Confieso que he sentido un enorme enfado al ver las fotografías de los acusados de haber alterado los precios de la construcción del Palma Arena sucios tras dos noches en prisión, esposados y generosamente expuestos a las cámaras informativas como si de peligrosos asesinos se tratase.
Conste que no trato de exculpar ni minimizar unos presuntos delitos. Digo, simplemente, que esos inculpados, que todavía ni procesados, sino investigados, ni suponían riesgo de fuga, ni implican mayor peligrosidad, ni podrían repetir sus presuntos delitos, puesto que ya no ocupan los puestos públicos que entonces ocupaban.
¿A qué, entonces, conducirlos a declarar esposados, a pie, víctimas del lógico afán de los reporteros? Lo voy a decir claramente, y sé que a algunos no les va a gustar: estamos asistiendo a demasiados casos de extralimitación en los procedimientos judiciales, fiscales y policiales, y conste que no hablo, ahora, solamente de las esposas de la vergüenza, sino también del momento en el que ha reaparecido el caso, coincidiendo con la explosión de las acusaciones acerca de escuchas ilegales a dirigentes del PP.

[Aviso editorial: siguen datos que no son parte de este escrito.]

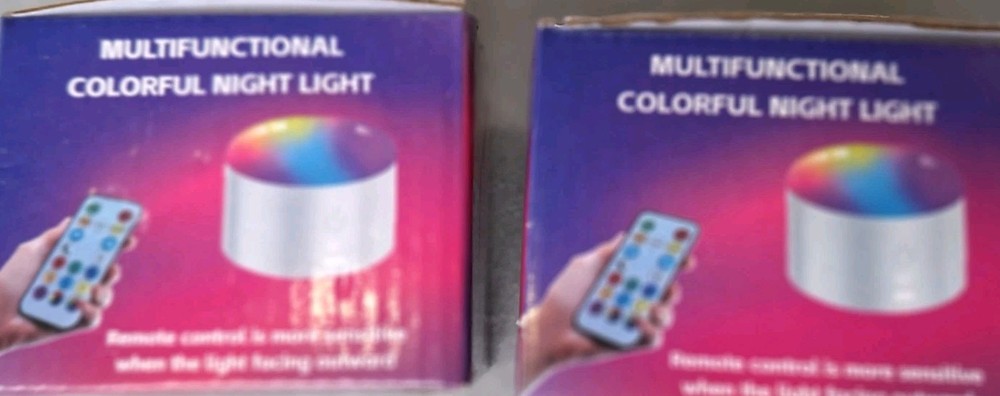 Set 2 Wireless Remote Control Multi functional Colorful Night Light USB Charging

Lo que no está claro, decía mi abuelo, es que tiene algo de oscuro. Para mí, sigue sin estar clara la conveniencia de exponer a los arrestados a la infamia pública. Y me sigue pareciendo al menos indignante que ningún poder del Estado, incluso autonómico o local, se haya tomado la molestia de salir a explicar por qué esas personas fueron peor tratadas que los peores delincuentes, siendo así que gentes acusadas de delitos mucho más graves pueden acceder a los juzgados desde los sótanos o el garaje, garantizándose la intimidad de su imagen, como pretende el más básico de los garantismos y el más genérico de los códigos de derechos humanos. Y, si así no se considera oficialmente, que nos lo digan, para saber a qué atenernos.